Fritz Jean avait, dans ses propos, mis en question la viabilité de cette entreprise, dans la mesure où les dépenses dépassent de loin les recettes. Il avait pris comme exemple la livraison d’un seul container de bananes à l’Allemagne, au coût de USD 25 000,00 $ pour faire aboutir le bateau au port d’embarquement, alors que les recettes se situent à USD 10 000,00 $.
On n’a pas besoin d’être un expert en économie pour comprendre qu’à ce rythme aucune entreprise ne peut survivre. En effet, Agritrans ne semble pas jouir d’une bonne santé. Car elle ne semble pas être en mesure de relever le défi que constitue l’exploitation des plantations dont les productions n’arrivent pas à se convertir en profits pour la société.
Fritz Jean a réagi à la sommation de Moïse dans les vingt-quatre heures, demandant, pour sa part que M. Jovenel soumettent une série de documents liés à l’exploitation de son entreprise. Parmi les documents exigés de Jovenel Moïse et de Pierre Richard Joseph, en vertu de la sommation émise par l’avocate de l’ancien gouverneur de la Banque centrale, Me André Michel, on relève, notamment, patente de fonctionnement d’Agritrans S.A pour les dix dernières années; le quitus fiscal d’Agritrans pour les dix dernières années; les différentes déclarations définitives d’impôt pour les dix dernières années; la liste des actionnaires et les états financiers d’Agritrans pour les dix dernières années avec relevé des opérations bancaires.

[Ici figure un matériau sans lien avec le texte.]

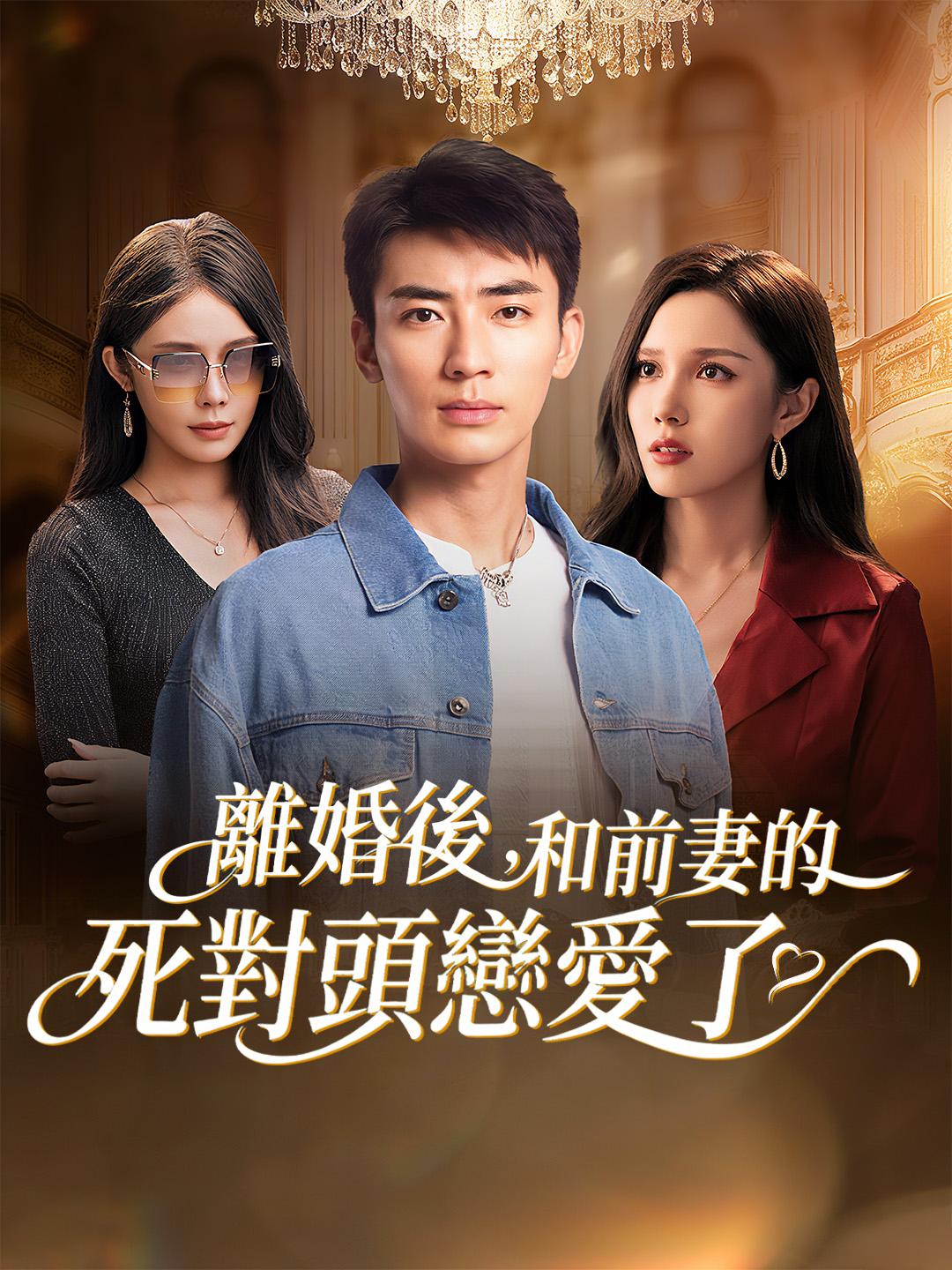 離婚後，和前妻的死對頭戀愛了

La contre-sommation de Fritz Alphonse Jean est adressée à : Pierre Richard Joseph et Jovenel Moïse, respectivement président directeur général et ex-président directeur général d’Agritrans.
Si Jovenel Moïse n’a rien à craindre en ce qui à trait à son malentendu avec l’Église catholique, il risque de se retrouver dans de beaux draps avec M. Jean, s’il ne recule pas avec sa sommation. Puisque les points soulevés dans l’injonction à lui faite par ce dernier sont étroitement liés aux accusations de l’Unité centrale de référence fiscale (UCREF) relatives à l’inculpation du président haïtien pour blanchiment d’argent.